I don't care what we race. I just want to keep it simple and fun. I once belonged to a Metro Detroit Club where fun was the object, not just racing.

T-Jets, G-Jets, Storm Jets, SlotTech Jets, SS, or stock tycos or G-Plus. I would love to hold some endurance races with teams as well!! I have been in 4 and 24 hour races and they are a blast!

If I get enough interest, I will bring a track down from storage in MI. Its a 63 ft., 4 lane AFX track, down that was built by Paul Nyberg in 1972 and was used for some HOPRA Nationals support races in the late 70's and early eighties.
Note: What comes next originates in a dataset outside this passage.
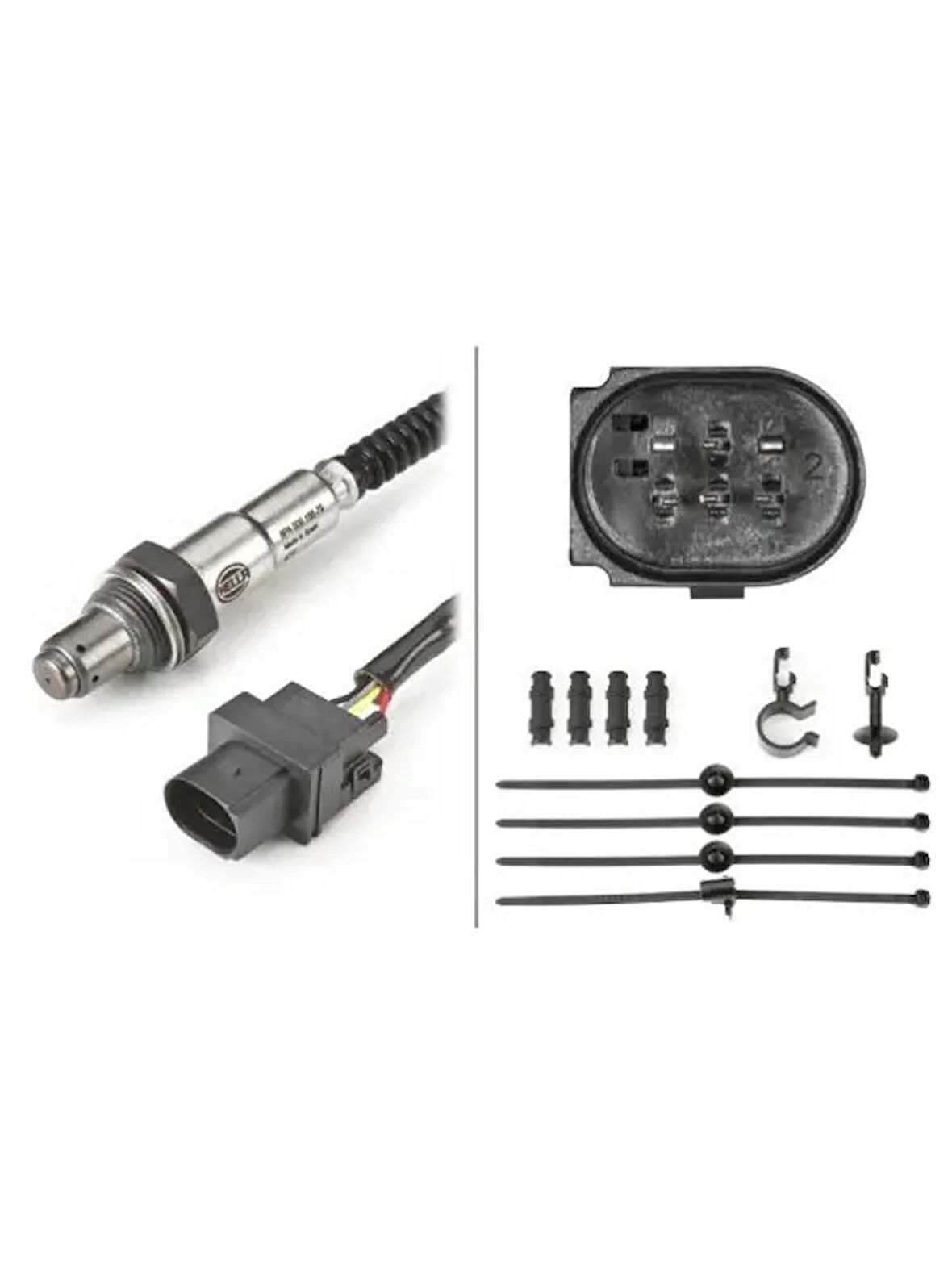LAMBDA (OKSIJEN) SENSORU GOLF V VI PASSAT FABIA OCTAVIA RAPID SUPERB YETI AMAROK CC CRAFTER EOS JETT
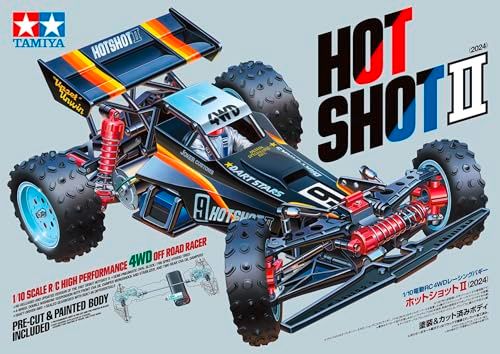 タミヤ RCC ﾎｯﾄｼｮｯﾄⅡ2024 4WD 58737 RCカー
I bought the track from Rick Denig in 1993 and restored it. Lexan surroud, new cork, new paint, and drivers hookups. A MI HOPRA race was held on the track in 1994. I have a Lane Master System with optical sensors and I will be purchasing a power supply or batteres, the old batteries are DOA.

I currently have a 1972 Dart in the space for the track. The Dart will go if we can get a club going.

Anyone interested, give me an e-mail so we can get things going!

Leo (Rick) Belleville


----------



## slotcar58 (Jun 21, 2007)

*Correction: bi-monthly racing*

bi-motnly racing instead of bi-weekly


----------



## smokinHOs (May 30, 2006)

*Orlando racing...*

Leo (or Rick?)...

There are a bunch of racers in your general area. The guys in FHORA race out of Melbourne and Holly Hill to name a couple places... Tony P (Mr. Slottech) is not far from you either... 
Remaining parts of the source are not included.